El problema radica en que mi cuerpo no disfruta lo mismo que mi paladar. Órganos diferentes, con diferentes visiones de mundo fueron conectados por el esófago en uno de esos chistes crueles de la naturaleza.
Alcohol, vertido por los dulces campos de mi boca brota como fuentes de almíbar que bailan entre mis dientes, burbujeantes y frías mariposas revolotean en mi paladar impregnadas de esa juguetona esencia. Delicia.
Pero no tardan mucho en caer a lugares inhóspitos, donde la bienvenida queda faltando. Se apagó la luz. Terminó la fiesta. Duró poco en esos instantes de placer al inicio del recorrido, pero así como la leche regada en la mesa debe gotear hacia la alfombra dibujando paisajes nubosos, así también la gravedad hace lo suyo y cae el pegajoso líquido a las remotidades sucesoras de la garganta.
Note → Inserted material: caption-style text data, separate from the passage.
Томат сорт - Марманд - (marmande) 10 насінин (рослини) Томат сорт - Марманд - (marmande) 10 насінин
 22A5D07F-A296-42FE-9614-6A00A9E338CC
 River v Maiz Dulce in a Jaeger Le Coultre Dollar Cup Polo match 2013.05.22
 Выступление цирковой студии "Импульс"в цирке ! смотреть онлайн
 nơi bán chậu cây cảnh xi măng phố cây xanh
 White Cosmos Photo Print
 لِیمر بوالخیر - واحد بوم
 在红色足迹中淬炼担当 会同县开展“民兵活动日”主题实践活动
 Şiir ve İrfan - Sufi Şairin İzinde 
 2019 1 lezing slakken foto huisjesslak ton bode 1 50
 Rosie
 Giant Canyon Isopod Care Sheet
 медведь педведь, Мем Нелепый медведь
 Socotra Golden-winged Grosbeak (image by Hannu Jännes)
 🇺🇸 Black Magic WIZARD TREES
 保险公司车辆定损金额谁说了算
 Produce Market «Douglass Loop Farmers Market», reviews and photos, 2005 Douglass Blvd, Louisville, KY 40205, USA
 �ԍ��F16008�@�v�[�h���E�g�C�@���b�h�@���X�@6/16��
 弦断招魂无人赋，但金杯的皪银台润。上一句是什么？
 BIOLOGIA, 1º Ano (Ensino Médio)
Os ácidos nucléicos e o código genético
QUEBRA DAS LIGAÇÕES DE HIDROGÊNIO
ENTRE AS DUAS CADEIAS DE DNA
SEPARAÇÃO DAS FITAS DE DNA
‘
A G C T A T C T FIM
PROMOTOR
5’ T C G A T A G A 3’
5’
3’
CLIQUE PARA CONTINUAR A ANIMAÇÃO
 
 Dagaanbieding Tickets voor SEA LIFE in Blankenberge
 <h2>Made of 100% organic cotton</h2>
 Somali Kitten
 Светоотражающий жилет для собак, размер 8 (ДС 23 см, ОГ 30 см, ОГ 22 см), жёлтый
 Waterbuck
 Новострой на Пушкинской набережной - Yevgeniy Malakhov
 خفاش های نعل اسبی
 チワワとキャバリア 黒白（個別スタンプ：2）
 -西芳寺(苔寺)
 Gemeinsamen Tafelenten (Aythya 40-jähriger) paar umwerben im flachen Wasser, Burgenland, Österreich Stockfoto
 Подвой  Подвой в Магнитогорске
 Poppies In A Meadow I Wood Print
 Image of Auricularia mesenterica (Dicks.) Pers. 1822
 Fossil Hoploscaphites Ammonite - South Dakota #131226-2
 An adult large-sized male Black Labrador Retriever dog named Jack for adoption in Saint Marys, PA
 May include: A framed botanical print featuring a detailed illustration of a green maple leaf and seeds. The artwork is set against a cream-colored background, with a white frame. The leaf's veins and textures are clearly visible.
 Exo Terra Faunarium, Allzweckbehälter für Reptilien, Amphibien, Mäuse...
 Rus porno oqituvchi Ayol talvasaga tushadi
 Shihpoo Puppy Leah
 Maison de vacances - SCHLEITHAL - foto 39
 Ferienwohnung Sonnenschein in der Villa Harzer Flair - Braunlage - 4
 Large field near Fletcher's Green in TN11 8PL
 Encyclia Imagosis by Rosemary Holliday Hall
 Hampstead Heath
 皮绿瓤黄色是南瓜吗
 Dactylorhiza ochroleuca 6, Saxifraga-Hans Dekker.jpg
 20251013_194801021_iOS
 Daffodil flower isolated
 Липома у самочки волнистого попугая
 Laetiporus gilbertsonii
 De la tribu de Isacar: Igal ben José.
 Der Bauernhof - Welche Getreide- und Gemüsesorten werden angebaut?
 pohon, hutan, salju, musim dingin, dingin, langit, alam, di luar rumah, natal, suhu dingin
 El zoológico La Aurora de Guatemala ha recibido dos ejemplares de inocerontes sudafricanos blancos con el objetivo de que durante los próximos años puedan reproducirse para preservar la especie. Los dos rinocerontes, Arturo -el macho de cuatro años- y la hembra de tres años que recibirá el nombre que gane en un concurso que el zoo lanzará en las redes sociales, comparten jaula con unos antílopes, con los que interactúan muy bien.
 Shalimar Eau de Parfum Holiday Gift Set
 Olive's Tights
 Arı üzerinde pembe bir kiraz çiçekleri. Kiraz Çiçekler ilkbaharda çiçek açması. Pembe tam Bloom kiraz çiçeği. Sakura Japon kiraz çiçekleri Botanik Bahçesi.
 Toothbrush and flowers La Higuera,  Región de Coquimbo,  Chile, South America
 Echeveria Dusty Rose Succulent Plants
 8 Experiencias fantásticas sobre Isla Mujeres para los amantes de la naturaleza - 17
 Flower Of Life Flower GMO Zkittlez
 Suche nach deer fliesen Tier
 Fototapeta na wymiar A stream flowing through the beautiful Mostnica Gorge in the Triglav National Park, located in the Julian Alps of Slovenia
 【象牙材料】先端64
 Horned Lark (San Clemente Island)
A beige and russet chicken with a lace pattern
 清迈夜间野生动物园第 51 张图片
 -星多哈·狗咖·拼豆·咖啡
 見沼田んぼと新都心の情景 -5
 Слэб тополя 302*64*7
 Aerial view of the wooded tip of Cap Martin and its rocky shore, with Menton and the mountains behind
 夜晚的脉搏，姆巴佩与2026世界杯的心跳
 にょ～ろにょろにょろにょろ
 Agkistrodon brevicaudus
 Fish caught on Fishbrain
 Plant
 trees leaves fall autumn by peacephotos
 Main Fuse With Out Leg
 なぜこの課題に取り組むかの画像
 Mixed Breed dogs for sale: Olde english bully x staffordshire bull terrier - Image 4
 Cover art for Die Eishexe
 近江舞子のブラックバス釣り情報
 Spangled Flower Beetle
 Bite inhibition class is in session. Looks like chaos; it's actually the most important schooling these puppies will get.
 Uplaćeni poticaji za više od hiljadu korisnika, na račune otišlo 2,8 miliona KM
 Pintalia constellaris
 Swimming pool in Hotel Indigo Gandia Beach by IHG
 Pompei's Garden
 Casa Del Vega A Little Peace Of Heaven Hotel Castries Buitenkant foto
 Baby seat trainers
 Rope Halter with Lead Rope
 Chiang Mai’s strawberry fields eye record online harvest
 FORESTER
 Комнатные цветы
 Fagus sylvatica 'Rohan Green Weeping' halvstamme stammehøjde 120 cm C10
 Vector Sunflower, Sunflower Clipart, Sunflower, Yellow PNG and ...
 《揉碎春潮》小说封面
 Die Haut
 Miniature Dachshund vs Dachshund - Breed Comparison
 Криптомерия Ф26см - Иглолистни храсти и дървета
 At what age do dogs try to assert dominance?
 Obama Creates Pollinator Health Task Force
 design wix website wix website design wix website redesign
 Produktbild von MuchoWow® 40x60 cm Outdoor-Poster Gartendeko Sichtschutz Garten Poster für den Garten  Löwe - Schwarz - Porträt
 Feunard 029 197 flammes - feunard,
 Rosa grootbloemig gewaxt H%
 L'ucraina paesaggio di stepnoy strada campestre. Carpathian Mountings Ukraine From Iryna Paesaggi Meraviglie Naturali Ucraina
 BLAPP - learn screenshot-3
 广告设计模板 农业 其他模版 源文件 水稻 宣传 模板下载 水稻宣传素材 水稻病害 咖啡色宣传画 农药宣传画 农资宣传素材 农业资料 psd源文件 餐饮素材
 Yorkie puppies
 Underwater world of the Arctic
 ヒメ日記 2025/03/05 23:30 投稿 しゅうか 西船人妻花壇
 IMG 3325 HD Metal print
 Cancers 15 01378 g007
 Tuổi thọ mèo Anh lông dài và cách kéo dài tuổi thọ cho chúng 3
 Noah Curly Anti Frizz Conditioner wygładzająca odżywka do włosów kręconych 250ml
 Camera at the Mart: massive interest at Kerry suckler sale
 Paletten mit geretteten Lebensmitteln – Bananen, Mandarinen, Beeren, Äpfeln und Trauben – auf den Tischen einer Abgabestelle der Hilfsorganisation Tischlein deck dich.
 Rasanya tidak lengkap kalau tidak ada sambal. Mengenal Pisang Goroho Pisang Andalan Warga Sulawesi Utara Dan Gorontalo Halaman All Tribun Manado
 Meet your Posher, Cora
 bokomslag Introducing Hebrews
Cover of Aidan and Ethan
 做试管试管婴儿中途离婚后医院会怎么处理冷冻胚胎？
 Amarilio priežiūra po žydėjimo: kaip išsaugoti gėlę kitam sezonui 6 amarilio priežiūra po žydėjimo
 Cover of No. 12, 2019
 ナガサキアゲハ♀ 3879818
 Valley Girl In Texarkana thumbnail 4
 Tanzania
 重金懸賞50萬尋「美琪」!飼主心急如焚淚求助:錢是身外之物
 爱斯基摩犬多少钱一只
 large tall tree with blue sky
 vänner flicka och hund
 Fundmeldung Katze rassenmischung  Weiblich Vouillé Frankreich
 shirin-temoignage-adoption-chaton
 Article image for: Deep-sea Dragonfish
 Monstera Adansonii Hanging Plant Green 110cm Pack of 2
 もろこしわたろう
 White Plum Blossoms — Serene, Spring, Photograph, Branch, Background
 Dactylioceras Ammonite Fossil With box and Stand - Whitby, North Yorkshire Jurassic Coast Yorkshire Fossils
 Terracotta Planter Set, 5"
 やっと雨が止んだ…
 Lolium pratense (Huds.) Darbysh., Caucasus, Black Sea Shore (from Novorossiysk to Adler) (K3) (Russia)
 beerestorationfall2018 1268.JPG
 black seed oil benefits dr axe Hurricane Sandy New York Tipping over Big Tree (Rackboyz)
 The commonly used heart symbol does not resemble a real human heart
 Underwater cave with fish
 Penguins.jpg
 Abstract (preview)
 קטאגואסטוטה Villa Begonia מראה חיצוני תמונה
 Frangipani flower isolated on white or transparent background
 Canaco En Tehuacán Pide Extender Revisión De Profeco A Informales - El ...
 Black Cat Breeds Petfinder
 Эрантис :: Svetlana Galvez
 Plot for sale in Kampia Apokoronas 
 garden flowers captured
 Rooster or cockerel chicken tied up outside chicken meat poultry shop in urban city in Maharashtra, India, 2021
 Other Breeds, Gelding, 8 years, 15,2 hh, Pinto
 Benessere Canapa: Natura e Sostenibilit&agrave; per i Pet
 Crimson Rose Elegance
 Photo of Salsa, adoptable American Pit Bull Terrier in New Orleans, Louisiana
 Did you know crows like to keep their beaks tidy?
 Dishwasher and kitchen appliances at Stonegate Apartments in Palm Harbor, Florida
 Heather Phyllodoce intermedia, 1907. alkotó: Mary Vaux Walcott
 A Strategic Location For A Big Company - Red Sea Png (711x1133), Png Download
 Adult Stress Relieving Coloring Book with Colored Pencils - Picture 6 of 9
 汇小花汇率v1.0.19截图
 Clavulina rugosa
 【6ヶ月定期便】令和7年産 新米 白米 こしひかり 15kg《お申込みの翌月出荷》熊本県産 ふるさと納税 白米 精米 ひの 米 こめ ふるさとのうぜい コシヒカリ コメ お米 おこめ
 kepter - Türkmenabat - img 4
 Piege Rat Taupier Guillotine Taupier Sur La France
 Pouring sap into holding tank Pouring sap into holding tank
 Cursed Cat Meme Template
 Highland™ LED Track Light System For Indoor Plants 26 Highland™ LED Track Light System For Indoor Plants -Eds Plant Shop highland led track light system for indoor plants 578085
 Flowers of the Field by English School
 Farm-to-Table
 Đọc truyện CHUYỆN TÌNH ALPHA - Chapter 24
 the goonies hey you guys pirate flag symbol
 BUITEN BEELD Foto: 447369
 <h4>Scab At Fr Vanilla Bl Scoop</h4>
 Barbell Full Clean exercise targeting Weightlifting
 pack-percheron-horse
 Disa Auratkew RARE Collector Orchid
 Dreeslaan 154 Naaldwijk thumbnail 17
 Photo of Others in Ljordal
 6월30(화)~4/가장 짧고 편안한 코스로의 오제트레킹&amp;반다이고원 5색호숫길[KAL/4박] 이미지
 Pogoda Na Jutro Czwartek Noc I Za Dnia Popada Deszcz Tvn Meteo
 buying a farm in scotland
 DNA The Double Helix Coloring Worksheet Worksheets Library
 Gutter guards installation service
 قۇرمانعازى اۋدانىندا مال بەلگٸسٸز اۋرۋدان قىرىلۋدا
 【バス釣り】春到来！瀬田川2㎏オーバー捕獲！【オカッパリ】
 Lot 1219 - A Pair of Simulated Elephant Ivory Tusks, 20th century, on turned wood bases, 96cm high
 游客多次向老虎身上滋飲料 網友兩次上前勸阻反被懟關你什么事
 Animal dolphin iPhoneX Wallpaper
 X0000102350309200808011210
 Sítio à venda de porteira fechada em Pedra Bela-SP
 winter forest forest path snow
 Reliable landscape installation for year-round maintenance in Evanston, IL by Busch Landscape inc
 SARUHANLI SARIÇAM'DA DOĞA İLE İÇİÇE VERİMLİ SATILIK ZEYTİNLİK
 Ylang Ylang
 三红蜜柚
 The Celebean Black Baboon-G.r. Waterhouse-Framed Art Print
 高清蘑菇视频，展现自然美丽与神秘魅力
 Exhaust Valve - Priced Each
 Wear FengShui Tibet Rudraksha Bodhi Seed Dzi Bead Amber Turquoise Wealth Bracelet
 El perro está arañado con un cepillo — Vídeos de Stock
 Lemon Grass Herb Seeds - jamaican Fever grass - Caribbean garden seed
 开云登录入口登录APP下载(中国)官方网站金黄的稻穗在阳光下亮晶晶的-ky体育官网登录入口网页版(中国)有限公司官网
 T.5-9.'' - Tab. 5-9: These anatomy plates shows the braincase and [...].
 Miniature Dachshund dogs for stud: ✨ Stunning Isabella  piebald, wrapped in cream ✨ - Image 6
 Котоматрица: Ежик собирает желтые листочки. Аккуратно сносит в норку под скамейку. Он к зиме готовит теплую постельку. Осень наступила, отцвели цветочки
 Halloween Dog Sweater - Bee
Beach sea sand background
Comienza entonces la batalla: La cabeza, con su explosión, se suma al lado del sistema digestivo, y juntos protestan a los labios su enamoramiento con el pico de la botella, su debilidad frente al dulce almíbar de la caña. Pancartas y gritos, huelgas y quejas. Las extremidades, ojos, cuello, se alínean contra la boca, se esconden en la trinchera esperando el momento oportuno para disparar quejas y achaques.
En esta guerra corporal de bandos divididos parece sólo quedar la piel acompañando a la boca en el equipo juguetón, que a pesar de no poder contrastar los ataques fervientes de sus vecinos, encuentra en la situación mucho humor y simpatía. Después de todo, sonríen pícaramente los labios...valió la pena.